Well that was fun. I kind of want to see what other catastrophes I can put poor George through before he finds his path. Or let his ineptitude save the day. I’d probably decide which once I got going on the story. I suspect I’ll be circling back to George at some point. He seems like my kind of character.

Friday, January 1st: Only nine people attended the premier, and two fled during the first hour.

Only nine people attended the premier, and two fled during the first hour.  It was disheartening for any company.  They prepared to soldier on gathering their courage to face the stage for the second act when the police arrived.  The sight of their leading man and one of the chorus girls being led away in handcuffs was too much for them.

For the crowd, such as it was, it was the highlight of the performance.  All but one thought it was part of the play.  It was later reviewed as an act of Avant garde brilliance in an otherwise drab performance.

It was their best review and despite the circumstances, George clipped the review from the paper in order to save it for his scrap book.  The word Memories had long since been taped over with masking tape and in its place he used a large black permanent marker to write ‘Grim Reminders’ in its place.

The review went onto the last page and as always, with the new addition, he couldn’t help but flip through the pages to stare at his litany of failures.  The play, indeed even the theater only occupied the last few pages. 

Every endeavor he tried seemed to go horribly wrong somehow.  His attempt to study science caused him to burn down one of the university’s labs and get him banned from campus.  In business he managed to bankrupt an entire company that the rest of the world believed unsinkable in under two weeks.

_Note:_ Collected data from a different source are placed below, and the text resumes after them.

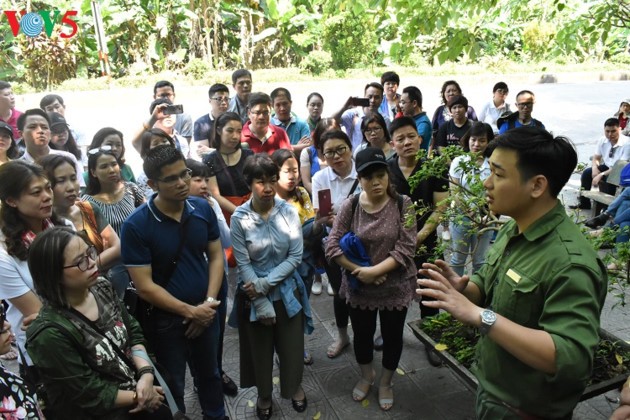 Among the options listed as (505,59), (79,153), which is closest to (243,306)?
(79,153)

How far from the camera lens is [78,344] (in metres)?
1.97

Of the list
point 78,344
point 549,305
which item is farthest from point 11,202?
point 549,305

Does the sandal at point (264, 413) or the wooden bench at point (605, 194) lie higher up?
the wooden bench at point (605, 194)

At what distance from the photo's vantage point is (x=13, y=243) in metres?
2.48

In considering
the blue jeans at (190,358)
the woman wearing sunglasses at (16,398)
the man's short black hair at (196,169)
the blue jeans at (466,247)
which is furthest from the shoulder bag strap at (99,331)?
the blue jeans at (466,247)

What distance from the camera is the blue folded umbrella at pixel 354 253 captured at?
3055mm

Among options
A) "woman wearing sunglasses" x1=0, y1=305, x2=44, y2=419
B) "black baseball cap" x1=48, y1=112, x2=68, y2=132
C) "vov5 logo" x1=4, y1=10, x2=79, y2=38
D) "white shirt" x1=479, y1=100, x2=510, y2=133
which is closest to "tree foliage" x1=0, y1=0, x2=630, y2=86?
"vov5 logo" x1=4, y1=10, x2=79, y2=38

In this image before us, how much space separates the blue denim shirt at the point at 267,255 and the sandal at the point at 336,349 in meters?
0.89

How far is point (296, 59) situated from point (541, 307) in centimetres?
2084

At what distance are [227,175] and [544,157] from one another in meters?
2.99

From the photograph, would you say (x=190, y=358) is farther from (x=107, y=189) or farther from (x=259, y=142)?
(x=259, y=142)

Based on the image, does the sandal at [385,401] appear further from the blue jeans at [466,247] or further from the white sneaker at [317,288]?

The articles detailing its demise actually used the word unsinkable which was unfortunate as his next attempt at a career involved the utter destruction of a veritable fleet of fishing boats.  George decided then and there that his life was a tragedy and that the theater might prove a better place for him.  He also decided never to even dip a toe into the ocean again.  He wasn’t entirely certain there was a Kraken, but if there was, he was certain he was on its hit list and thought it best not to take chances.

He had some mild successes in the theater.  His early plays were considered triumphs of pathos and managed a few fairly decent reviews that weren’t entirely due to outside circumstances.  True his one really good review was due to an electrical short that sent the fake fire set ablaze with actual fire. They had to pump oxygen into the leading actress in the last act but they adjusted the final scene to include the tank and the mask.  She simply wouldn’t leave the stage until the show was finished and according to the paramedics who came with the firemen, it was the only way she wouldn’t suffer permanent lung damage.

The reviewers considered a triumph of realism and an ending of unexpected brilliance. Later attendees were not as pleased as the electric had been stabilized for later shows. In the end the profits realized ended up paying to have the smoke dry cleaned from the Diva’s wardrobe.